L'Académie Delia, en italien Accademia Delia, est une académie de chevalerie de Padoue crée en 1608 et qui fonctionna jusqu'en juillet 1801.

L'Académie Delia dans le plan de Giovanni Valle (1784), détail.

Histoire[modifier | modifier le code]

L'Académie Delia de Padoue constitue un modèle d'école italienne d'équitation. L'étude des mathématiques y était associée à celle des pratiques de la chevalerie. Malgré des hauts et des bas, cette institution perdura durant deux siècles. Pietro Duodo, qui fut ambassadeur de la République de Venise en France et qui ensuite devint capitaine de Padoue, donna une impulsion décisive à sa création en 1603. Il encouragea l'initiative de vingt nobles de la ville qui voulaient constituer une académie sur le modèle de l'Ascritti, autre académie de la ville. Il le fit certainement pour contrecarrer les conséquences redoutées de l'ouverture de l'académie de Pluvinel à Paris. Les statuts de l'académie prévoyaient un maître d'équitation et un maître d'escrime, et il fut, après discussion, décidé de recruter aussi un mathématicien. Un rôle de premier plan dans la vie de l'académie a été joué dès le début par Galileo Galilei, qui, à la demande du Duodo, est appelé à élaborer le programme d'études de la Delia dans un document intitulé Raccolta di quelle cognizioni che à perfetto Cavaliero et Soldato si richieggono, le quali hanno dependenza dalle scienze matematiche.[1] L'objectif n'était pas seulement de s'exercer aux art de la chevalerie, mais aussi de s'initier aux théories militaires. En plus des éléments essentiels de la géométrie euclidienne, le programme du premier mathématicien de l'académie, Ingoldo Conti, portait aussi sur la géographie, la mécanique, les instruments stratégiques et militaires, l'étude des fortifications, l'utilisation du compas, et même sur un « traité sur les vertus du chevalier et du capitaine »[2]. L'académie avait aussi un but politique en réunissant la turbulente aristocratie vénitienne dans un partenariat qui favorisait une harmonie interne. Elle assurait aussi la reconnaissance des vertus chevaleresques de la noblesse padouane par les chevaliers étrangers, à la fois par l'organisation de joutes et autres manifestations, et en permettant aux cavaliers de bénéficier de cours privatifs. Les bénéficiaires de ces cours étaient principalement les nobles de l'arrière-pays vénitien, mais aussi des Allemands et des Italiens venant d'autres régions[3].

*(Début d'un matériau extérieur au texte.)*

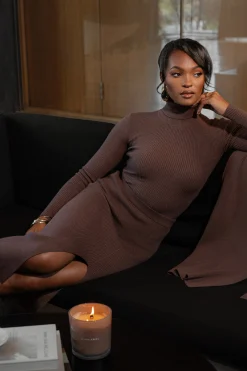 JLUXLABEL Chocolate Arlett Turtleneck Bodysuit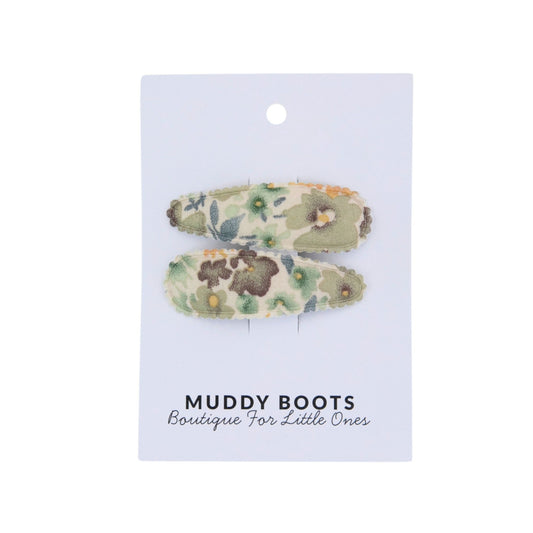 Green Meadow Floral Toddler Hair Clips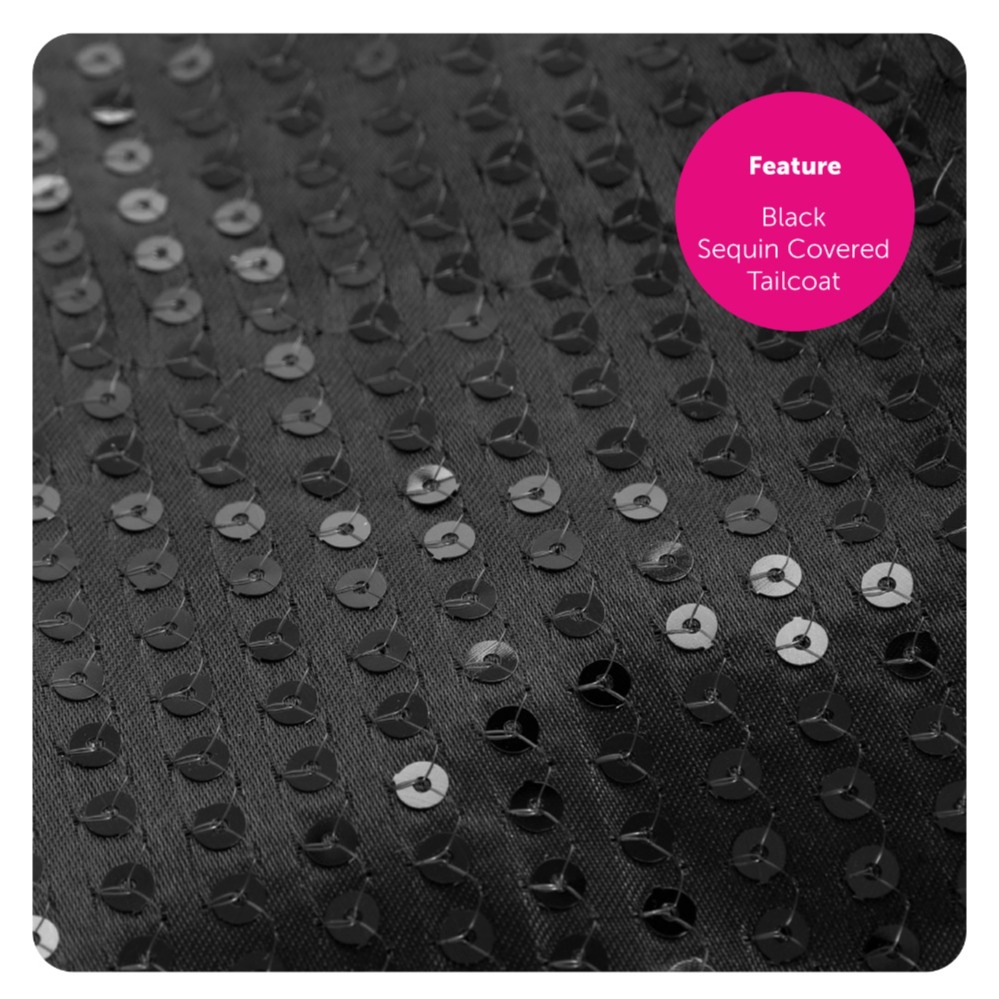 Adults King of Pop Costume | 5 Pcs | Sequin Tailcoat, Hat, Wig, Glasses & Gloves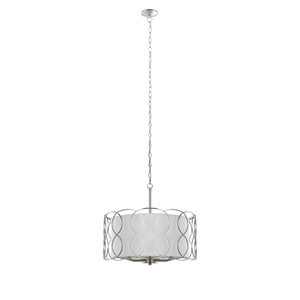 Luminaire suspendu transitionnel Amherst avec abat-jour et lumière incandescente par Scott Living, moyen, nickel brossé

Fonctionnement[modifier | modifier le code]

Au départ , l'Académie était supposée durer cinq ans, mais grâce à Duodo qui lui procura des fonds, elle put continuer à fonctionner. Un bâtiment fut construit pour abriter ses activités. En 1609, le Sénat de Venise lui accorda un penny sur chaque livre provenant des amendes infligées par les autorités de la ville de Padoue. À cette somme s'ajoutaient les contributions annuelles des quelque soixante membres, ce qui lui assurait une confortable rente financière. Dans les premières années, le salaire de son maître d'équitation, supérieur à celui du mathématicien, était aussi important que celui du professeur le plus important de l'université de la ville. Elle était dirigée par une « banque » composée par un prince, quatre conseillers, un major et un codirecteur qui étaient renouvelés tous les quatre mois et à qui il appartenait, entre autres, de gérer les demandes d'adhésion[3].

Au fil des ans, l'enthousiasme des membres déclina. Le nombre de soixante membres fut rarement atteint. Très vite, des difficultés économiques apparurent du fait de la diminution progressive des amendes et du retard dans le paiement de leur dû par les académiciens. En 1682, le maître d'équitation, le maître d'escrime et le mathématicien furent licenciés. Dix ans plus tard, le doge Francesco Morosini, en raison de la participation de nombreux nobles de Padoue aux guerres contre les Turcs, ordonna au sénat de Venise d'octroyer un subside de 800 ducats à l'Académie. En 1710, le nombre de membres diminua de nouveau; en 1725, le subside du gouvernement vénitien fut suspendu, puis rétabli deux années plus tard, mais de moitié[3].

En fait, seuls quelques académiciens pratiquaient l'équitation. En 1612, seul environ un tiers possédait au moins un cheval tandis que les autres utilisaient les trois chevaux d'école que la maître d'équitation était obligé d'entretenir[2]. Les années suivantes, cette situation perdura et dans leurs rapports, les différents princes qui se succédèrent à sa tête, se plaignent du peu de participation des membres. Les académiciens étaient encore moins assidus dans la pratique de l'escrime, malgré le fait que cet art soit l'exercice de chevalerie dans lequel Padoue s'était rendue célèbre. Francesco Ferdinando Alfieri, auteur de traités qui firent le tour de l'Europe, figure parmi les maîtres d'escrime de l'académie[4],[3].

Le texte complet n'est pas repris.